0

This is based on a previous question of mine Replacing for loops with function call inside with broadcasting/vectorized solution but is more complicated, and the additional complications have me at a loss.

Here are some similar posts, however, I was not able to get my problem to work after reading the solutions to their problems:

Broadcasting custom function

Broadcasting function calls in np arrays

Broadcasting a function call to a a 3D array in python

Broadcasting a python function onto np arrays

Here is the MWE

def OneD(x, y, z, r_1, r_2):
    ret = 0.0
    for i in range(x+1):
        for j in range(y+1):
            m = i + j
            if m % 2 == 0:
                ret += np.exp(i+r_1)**(j+1) / (z+1+r_2)
    return ret 

def ThreeD(a,b,c, d, e):
    value = OneD(a[0],b[0], c, d[0], e[0])
    value *= OneD(a[1],b[1], c, d[1], e[1])
    value *= OneD(a[2],b[2], c, d[2], e[2])    
    return value

M1 = M2 = np.array(([[0,0,0],[0,0,1], [1,1,1], [1,0,2]]), dtype=int) 
scales0 = scales1 = np.array([1.1, 2.2, 3.3, 4.4])
cc0 = cc1 = cc2 =1.77    # for simplicity, all constants made the same
r1 = np.array([0.0,0.0,0.0])
r2 = r1 + 1.0   
results = np.zeros((4,4))

for s0, n0, in enumerate(M1):
    for s1, n1, in enumerate(M2):
        v = ThreeD(n0, n1, cc2, r1, r2)
        v *= cc0 * cc1 * scales0[s0] * scales1[s1]
        results[s0, s1] += v

Similar to the vectorized/Broadcasted version created for the simpler problem linked at the start, I am trying to get rid of the for loops and speed up the calculation by performing vectorized calls to function OneD

v  = np.prod(OneD(M1[:,None,:], M2[None,:,:], np.arange(4)[None,:,None], r1, r2), axis=2)
results = v * cc0*cc1*np.array(scales0)[:,None]*np.array(scales1)[None,:] 

The problem I have is that now, when using OneD, scalars are not being passed, but instead arrays are appearing. This tells me I need to pad the arrays further (maybe go up 2 dimensions?)? I am struggling with padding the arrays correctly.
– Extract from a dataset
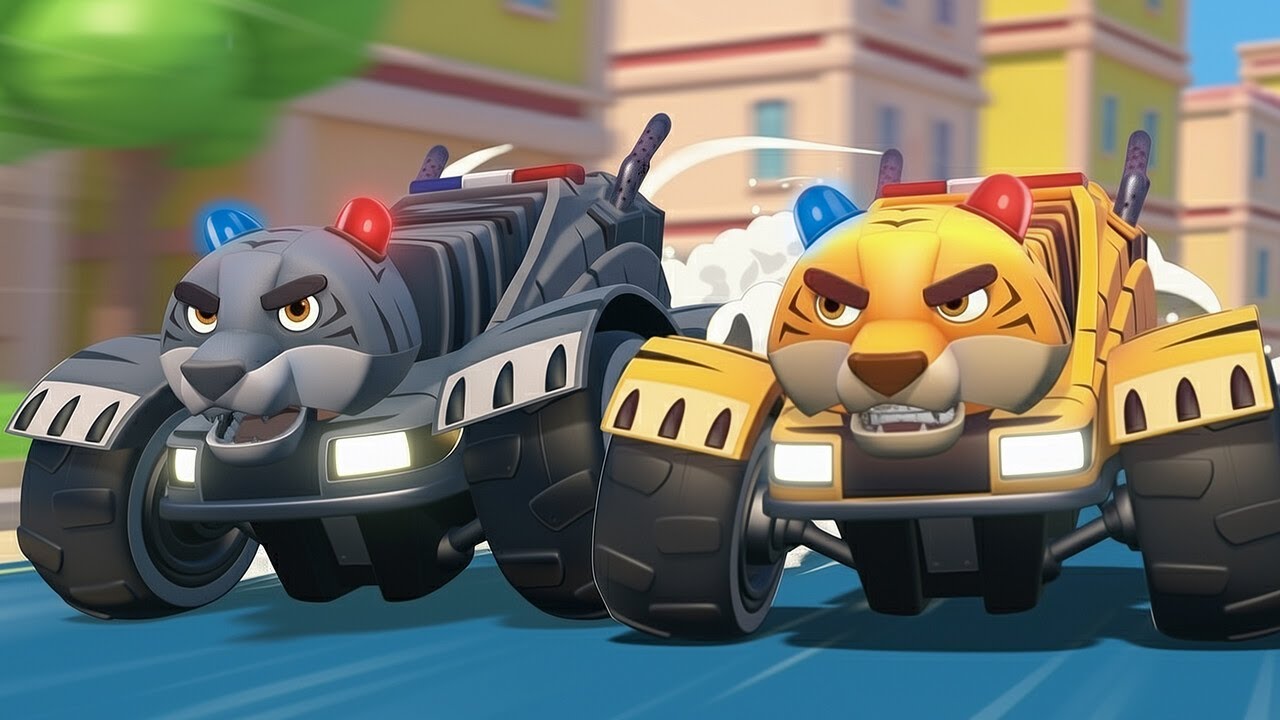 ¡Detengan al MALVADO GEMELO DE TIGER EL POLICIA! - Coches y Camiones Escuadrón de Rescate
I think I will need to make the arrays have more dimensions, and then squeeze them after, but I am unclear on how to do this. My numerous attempts have been wrong, and always keep on ending up sending arrays to OneD. For this example I need to end up with a (4,4) array.

[[  7.07469713e-02   1.41493943e-01   2.12240914e-01   5.65975771e-01]                                                                                                          
 [  1.41493943e-01   2.37400124e+00   3.56100187e+00   5.31397826e+00]                                                                                                          
 [  2.12240914e-01   3.56100187e+00   3.75915002e+02   6.68688926e+01]                                                                                                          
 [  2.37400124e+00   8.93002921e+00   1.12371774e+02   3.99028687e+03]]
Charlie Crown
  • 1,071
  • 2
  • 11
  • 28
  • In my previous answer, your `OneD` worked with arrays. Just `np.exp(x)**(y+1) / (z+1)`. You need to focus on writing this new `OneD` in a similar manner. – hpaulj Jun 22 '20 at 19:39
  • I think it is vectorized already. each variable that I am sending to `ThreeD` is a vector of length 3, with the exception of 1 variable which is a scalar. So I should be able to skip `ThreeD` and use a vectorized `OneD` – Charlie Crown Jun 23 '20 at 06:57
  • With the previous `OneD` you could pass array `a` etc to `OneD`. Here that would raise an error, since `range(x+1)` requires a scalar `x`. The `if` will also raise an error if given an array. – hpaulj Jun 23 '20 at 07:02
  • @hpaulj I wouldn't mind your opinion on my solution. I think I nailed it :) – Charlie Crown Jul 05 '20 at 05:30

1 Answers1

1

The solution is to make use of np.frompyfunc. It can be used as a direct replacement of np.vectorize, but is not hella slow like np.vectorize

Solution

myfunc3 = np.frompyfunc(OneD,5,1)

v  = np.prod(myfunc3(M1[:,None,:], M2[None,:,:], cc2, r1, r2), axis=2)
results = v * cc0*cc1*np.array(scales0)[:,None]*np.array(scales1)[None,:]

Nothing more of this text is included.